Thursday, July 7, 2011

Using SAS/IML for high performance VaR backtesting

Thanks to Rick’s new book about SAS/IML, I realized that SAS/IML is far beyond PROC IML, and recently it added an advanced IML language called IMLPlus that enjoys many new features. I also start to play with SAS/IML Studio, an IDE exclusively for IMPlus in addition to the SAS enhanced editor we are familiar with (Interestingly, a number of emerging IDEs for matrix languages prefer to use names like XXX Studio. For example, a hot IDE of R is called RStudio). Although SAS users/programmers are notably conservative, I had a rough intuition that learning SAS/IML will be helpful in some occasions of high-demanding computation.

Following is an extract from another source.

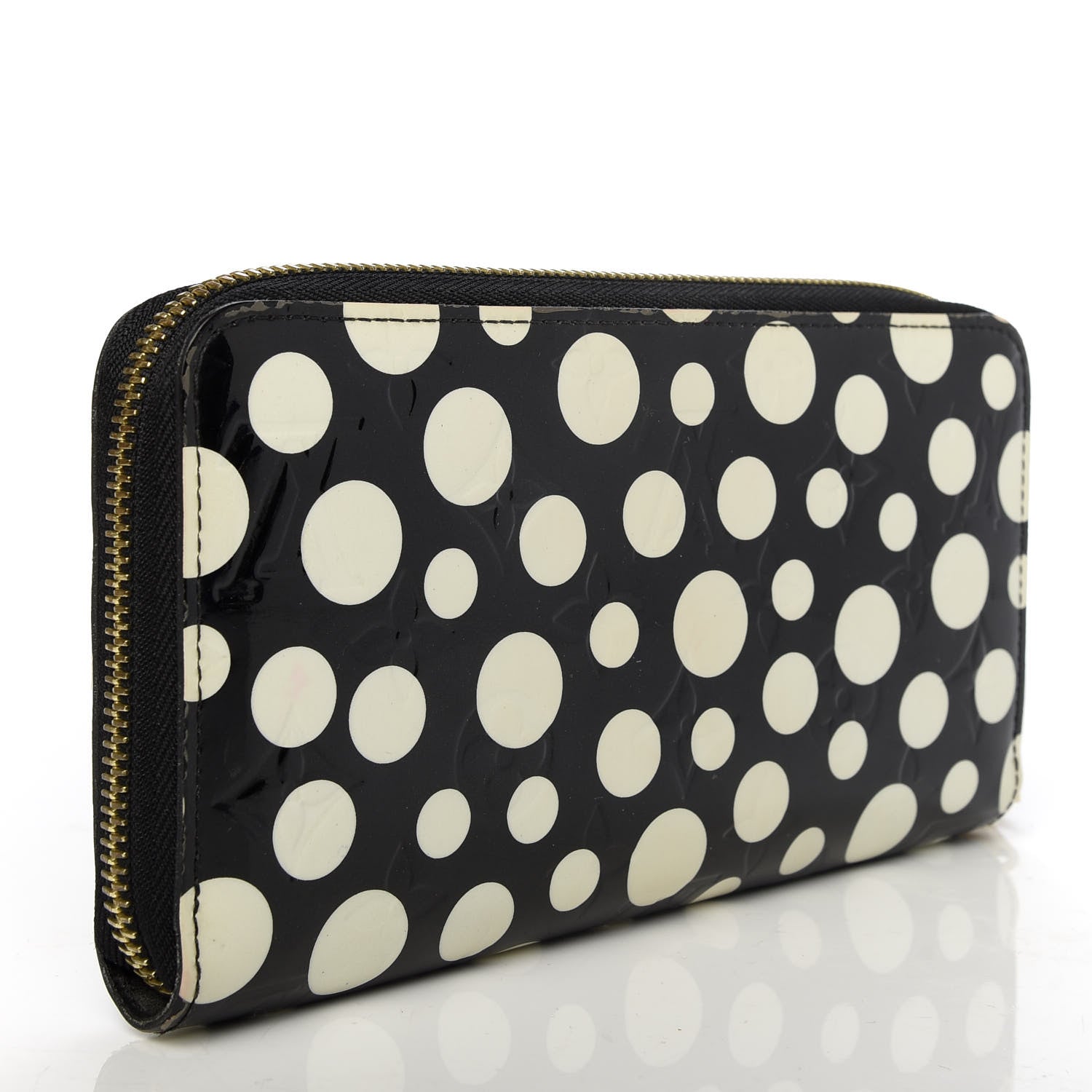 Louis Vuitton Vernis Kusama Infinity Dots Zippy Wallet Black 3 of 6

For instance, backtesting of Value-at-risk(VaR) requires a lot of computer resource. At the beginning, VaR based on different methods should be calculated. Jon Danielsson introduced how to use Matlab and R to find VaRs by four ways: exponential moving average, moving average, historical simulation, and generalized autoregressive conditional heteroskedasticity (GARCH), separately [Ref. 1]. And he maintains a daily-updating plot on his website to show the trends [Ref. 2]. As Jon described, if a 4000-day data is fetched and a 1000-day rolling window for calculation is applied, it means that 3000 loops will be needed to have the VaRs , which would make the computation efficiency a concern. Fortunately, we can easily translate the codes by Matlab and R into SAS codes through PROC IML. If there is any hurdle in this porting process, I can always find tips from Rick’s resourceful blog [Ref.3]. The first three chapters of his book are also good reference [Ref. 4].

That is what I did. First I have to use R to download S&P 500 daily returns from 1995-08-09 to 2011-06-28, total 4000 observations. SAS/IML Studio can call R’s function. However, the R on my laptop is version 2.13.0, which is not supported by SAS/IML Studio currently. So I directly used RStudio, my favorite IDE for R, and saved the data as CSV.

######################(0) DOWNLOAD STEP###############################
p = get.hist.quote(instrument = "^gspc",
    Start = "1995-08-09",end="2011-06-28",quote="AdjClose",quiet=T) 
####################END OF STEP 0#####################################
Then I used PROC IML to calculate VaRs by exponential moving average, moving average and historical simulation, and eventually inserted them into a macro. Unlike R or Matlab, SAS depends on the procedures rather than the functions. Since PROC IML cannot call other SAS’s procedures, I used PROC FCMP to make PROC AUTOREG as a user-defined function for GARCH. SAS now provides virtual hard disk with physical memory specified by the MEMLIB command, which is indeed a big help for me to slash the computer’s operation time. After all, the total time to run the program below on my 2-year-old laptop is 9 minutes, which is acceptable.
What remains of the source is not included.